ここではその原因について詳しくご紹介します。
住宅ローンが組みにくい
違反建築物の場合、住宅ローンを利用することは不可能であるため、売却・購入する際は現金のみとなります。
また、既存不適格物件は担保評価額が低くなってしまうため、住宅ローンが組みにくくなります。
金融機関は借主に融資をする際、売却する物件を担保に取り、抵当権を設けます。
万が一、借主がローンを返済できなくなった場合、担保として受け取った物件を売りに出し、その利益で得た資金を回収しますが、既存不適格物件は買い手が見つかりにくいため、資金を回収できないのです。
これらの理由により、担保評価額は低めに設定されています。
金融機関によっては、既存不適格物件だった場合、住宅ローンは利用できないようにしているところもあります。
建て替え時に同規模の物件を作れない
容積率をオーバーしていても、既存不適格物件であればそのままの状態で使うことは可能です。

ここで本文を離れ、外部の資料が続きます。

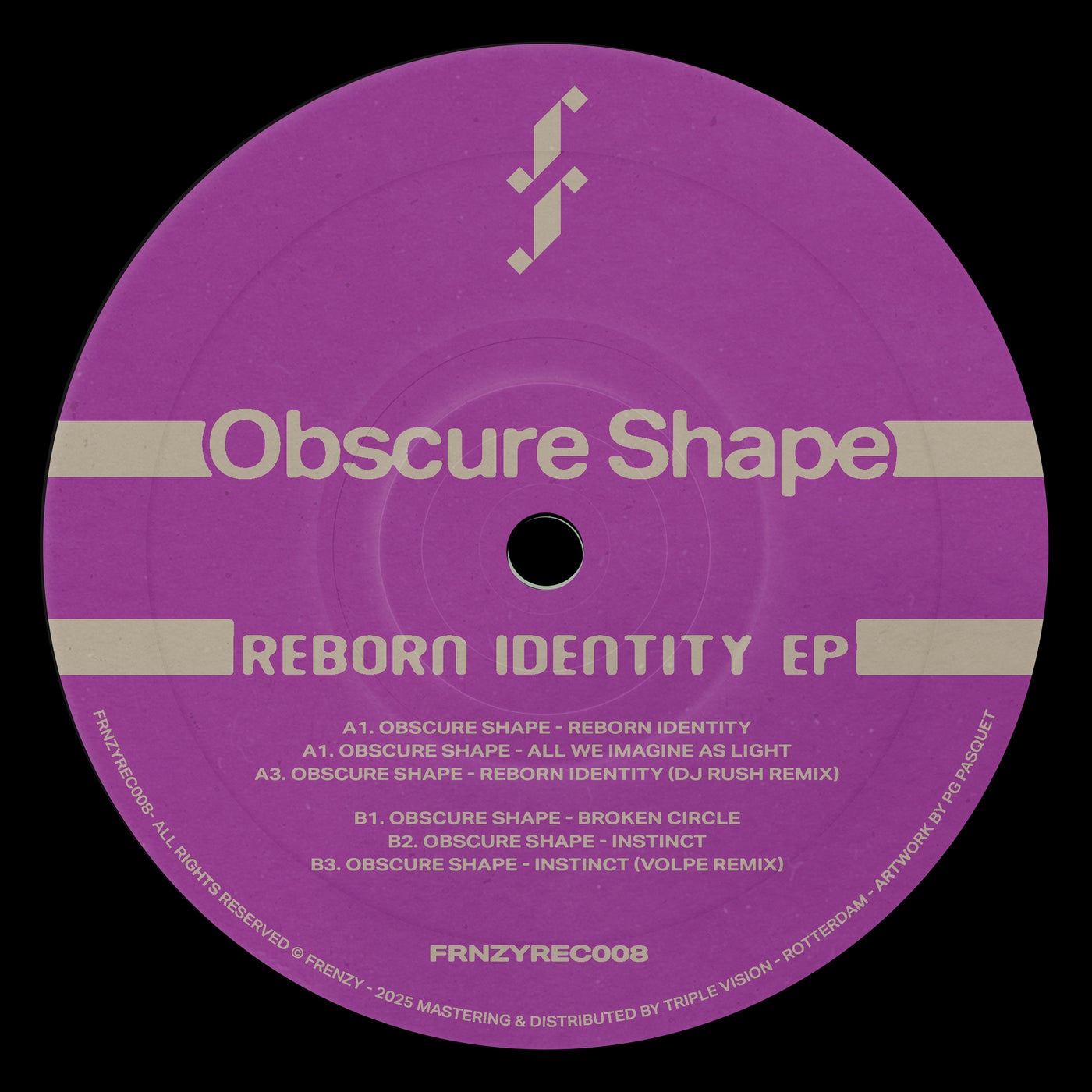 image cover: Obscure Shape - Reborn Identity EP on Frenzy Recordings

ただし、建て替えをする際は、現行の法令に則って行わなければいけないため、再度同規模の物件を建設するのは難しいです。
実際に建て替えを行ったケースも多く見られますが、そのほとんどが以前と同規模の物件を建てられていません。
既存不適格物件を立て替えるのであれば、今よりも狭くなる可能性が高いことを覚えておきましょう。
容積率オーバーの物件を売却するためのポイント
容積率がオーバーしている物件は売却が難しいと言われていますが、全く売れないというわけではありません。

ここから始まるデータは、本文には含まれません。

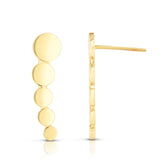 14K Yellow Gold Graduated Circles Ear Climber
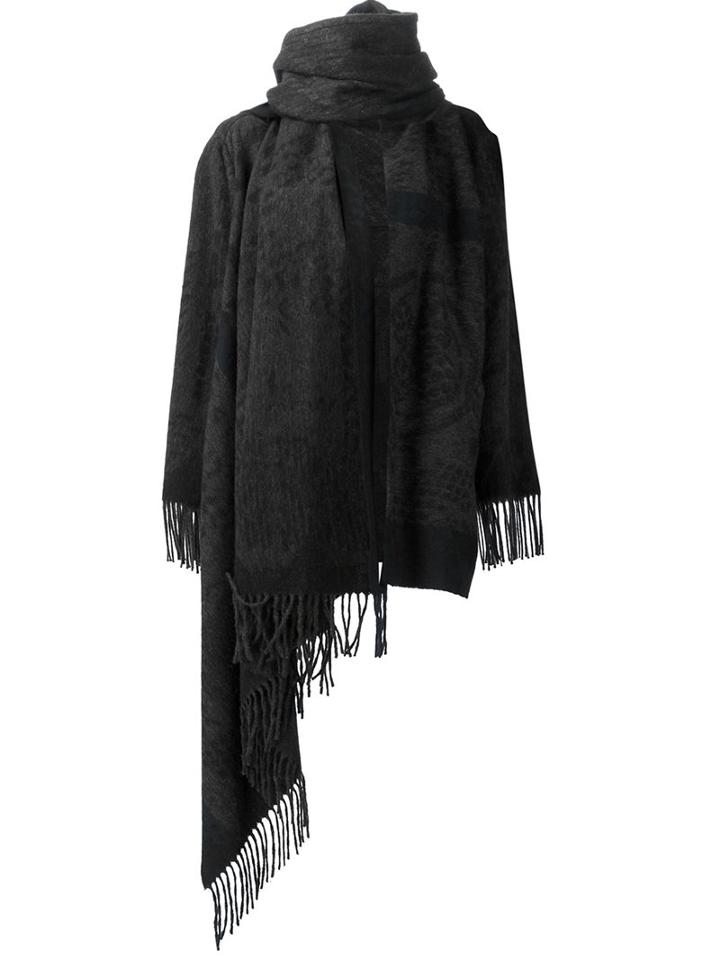 Vivienne Westwood Boxy Fringed Poncho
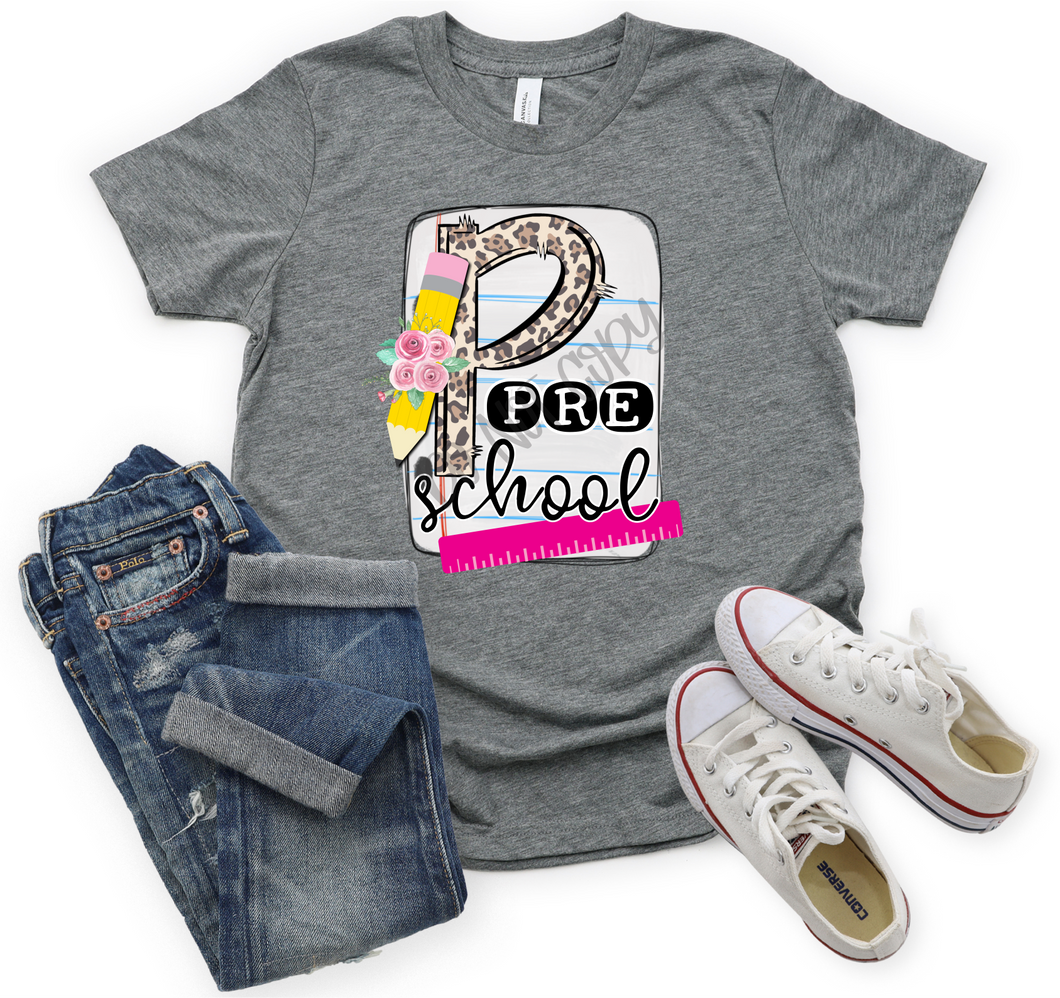 Preschool Leopard Notebook Paper Transfer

物件を売却するためには、以下のような4つのポイントを押さえておきましょう。
再度容積率を測定してみる
確認のためにも、改めて容積率を測り直してみましょう。
以前測った際の測量技術が精密ではないことから、もう一度測り直した時に容積率が適合しているケースも見られます。
初めから容積率がオーバーしていると決めつけるのではなく、念のために再度測り直すことが重要です。
物件の広さをアピールする
容積率がオーバーしていることをあえてメリットとしてアピールする方法があります。
既存不適格物件は違反建築物ではないため、消防法に反していない限り、行政による是正命令の対象ではありません。
リフォームをしなければそのままの状態で住み続けられます。
本来、建設されている物件よりも広いことを全面的にアピールすることで、広さを重視している買い手と出会える可能性があります。
減築リフォームを行う
一般的に、リフォームと言えば増築のイメージが強いですが、減築リフォームを行うことで買い手が見つかりやすくなる場合があります。
容積率は敷地面積に対する延床面積の割合を表しているため、延床面積を減らすようにリフォームするのがおすすめです。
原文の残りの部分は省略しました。